Рокот мотора нарастает, затем внезапно прекращается.
Калнынь подходит к окну. Перед входом в барак стоит закрытый грузовик.
Оба превратились в слух. Из коридора доносится топот подкованных железом сапог.
— Передай привет Гите, — тихо говорит врач и идет к дверям. — И человеку с жемчужинами, он наш…
…Кристап сидит в комнате, перед кабинетом коменданта. Делает вид, что листает документы, но на самом деле пишет письмо на лоскуте шелковой бумаги.
Распахивается дверь. Не удостоив рассыльного взглядом, комнату пересекает немецкий офицер.
— Митагспаузе! — роняет он на ходу.
— Яволь, герр лагерфюрер (так точно, господин начальник), — браво отзывается Кристап. — Ейне штунде (один час).
Тишина. Только где-то за стеной стучит пишущая машинка.
Кристап снимает деревянные башмаки и, держа их в руках, осторожно пробирается к лестнице. Неслышно взбирается на второй этаж. Перед ним длинный коридор с целым рядом дверей и окон в дальнем конце, за которым полощутся на ветру оба лагерных флага: красный со свастикой и черный.
Кристап в носках крадется по коридору. У предпоследних от окна дверей останавливается. Прислушивается. Смотрит в замочную скважину. Нигде ни души.

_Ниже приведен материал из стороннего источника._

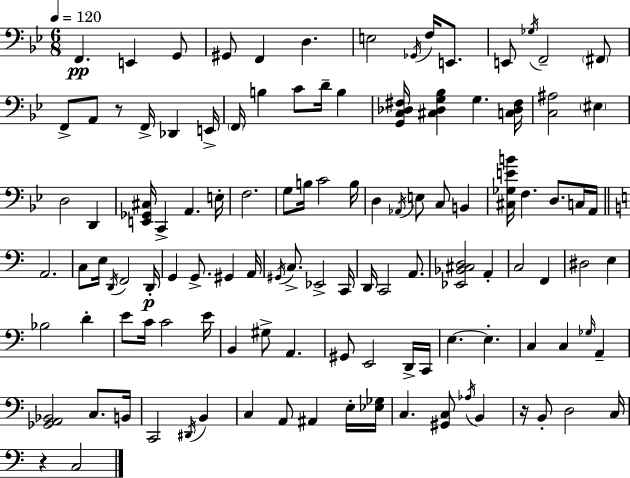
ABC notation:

X:1
T:Untitled
M:6/8
L:1/4
K:Gm
F,, E,, G,,/2 ^G,,/2 F,, D, E,2 _G,,/4 F,/4 E,,/2 E,,/2 _G,/4 F,,2 ^F,,/2 F,,/2 A,,/2 z/2 F,,/4 _D,, E,,/4 F,,/4 B, C/2 D/4 B, [G,,C,_D,^F,]/4 [^C,_D,G,_B,] G, [C,_D,^F,]/4 [C,^A,]2 ^E, D,2 D,, [E,,_G,,^C,]/4 C,, A,, E,/4 F,2 G,/2 B,/4 C2 B,/4 D, _A,,/4 E,/2 C,/2 B,, [^C,_G,EB]/4 F, D,/2 C,/4 A,,/4 A,,2 C,/2 E,/4 D,,/4 F,,2 D,,/4 G,, G,,/2 ^G,, A,,/4 ^G,,/4 C,/2 _E,,2 C,,/4 D,,/4 C,,2 A,,/2 [_E,,_B,,^C,D,]2 A,, C,2 F,, ^D,2 E, _B,2 D E/2 C/4 C2 E/4 B,, ^G,/2 A,, ^G,,/2 E,,2 D,,/4 C,,/4 E, E, C, C, _G,/4 A,, [_G,,A,,_B,,]2 C,/2 B,,/4 C,,2 ^D,,/4 B,, C, A,,/2 ^A,, E,/4 [_E,_G,]/4 C, [^G,,C,]/2 _A,/4 B,, z/4 B,,/2 D,2 C,/4 z C,2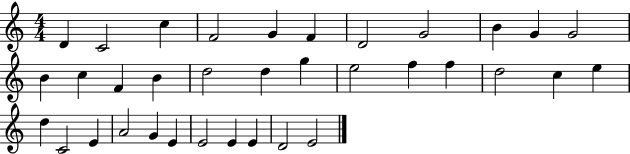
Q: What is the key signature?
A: C major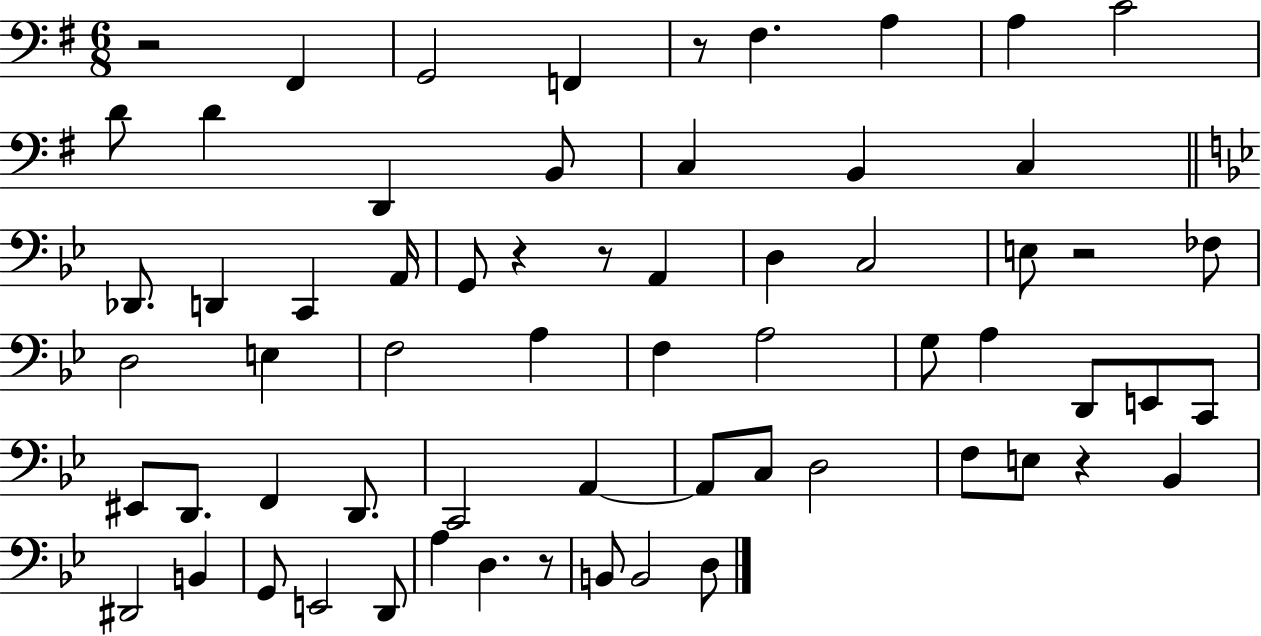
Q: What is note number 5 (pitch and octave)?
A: A3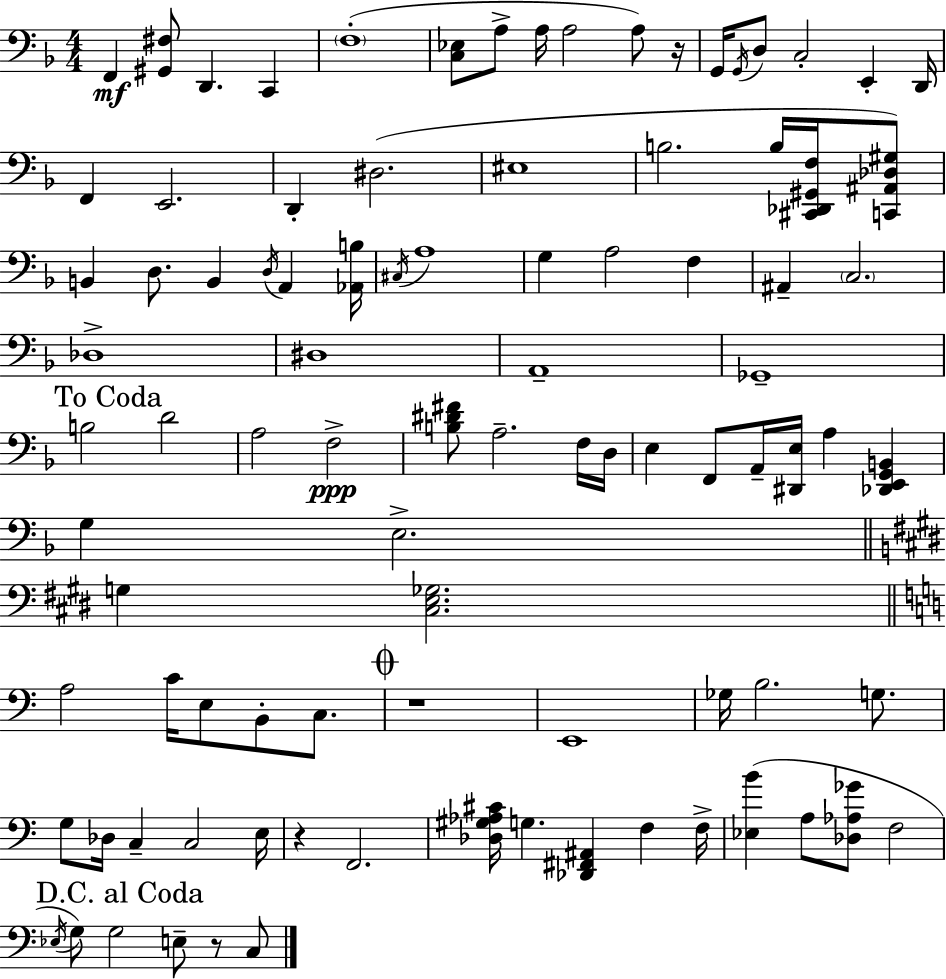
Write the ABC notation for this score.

X:1
T:Untitled
M:4/4
L:1/4
K:F
F,, [^G,,^F,]/2 D,, C,, F,4 [C,_E,]/2 A,/2 A,/4 A,2 A,/2 z/4 G,,/4 G,,/4 D,/2 C,2 E,, D,,/4 F,, E,,2 D,, ^D,2 ^E,4 B,2 B,/4 [^C,,_D,,^G,,F,]/4 [C,,^A,,_D,^G,]/2 B,, D,/2 B,, D,/4 A,, [_A,,B,]/4 ^C,/4 A,4 G, A,2 F, ^A,, C,2 _D,4 ^D,4 A,,4 _G,,4 B,2 D2 A,2 F,2 [B,^D^F]/2 A,2 F,/4 D,/4 E, F,,/2 A,,/4 [^D,,E,]/4 A, [_D,,E,,G,,B,,] G, E,2 G, [^C,E,_G,]2 A,2 C/4 E,/2 B,,/2 C,/2 z4 E,,4 _G,/4 B,2 G,/2 G,/2 _D,/4 C, C,2 E,/4 z F,,2 [_D,^G,_A,^C]/4 G, [_D,,^F,,^A,,] F, F,/4 [_E,B] A,/2 [_D,_A,_G]/2 F,2 _E,/4 G,/2 G,2 E,/2 z/2 C,/2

Кристап достает из кармана ключ, засовывает в замок, пробует повернуть, но ключ не поддается. Второй и третий вовсе не лезут в замочную скважину. Четвертый тоже не поворачивается, пятый как будто годится, но заедает при повороте. Кристап налегает на ручку, приподнимает дверь и еще раз примеривает ключ. Нетерпеливо дергает его вправо, влево. Дверь отворяется.
Кристап вваливается в склад, где хранится оружие, предназначенное для лагерной охраны. Перед ним лежат винтовки, автоматы, противогазы, громоздятся ящики с боеприпасами и ручными гранатами. Есть тут и пистолеты системы «вальтер» в кожаных кобурах. Кристап быстро хватает один, впихивает в карман, а пустую кобуру прячет в темном углу за ящиками. В следующий миг он уже оказывается в коридоре и пытается запереть дверь. Но ключ снова застревает, и теперь уже намертво.
Кристап пробует и так и сяк — поднимает дверь вверх, напирает на ручку. Бесполезно.
Его лоб покрывается холодным потом. Не придумав ничего более умного, он засовывает другой ключ в кружок застрявшего и жмет изо всех сил. Раздается еле слышный щелчок. А дверь по-прежнему не заперта. — Ордонант! — кричит кто-то на первом этаже. За первым окриком следует второй, еще более нетерпеливый. — Ордонант, ферфлухт нох ейнмал, во штект дер шейскерл! (Будь он проклят, где запропастился этот поганец!)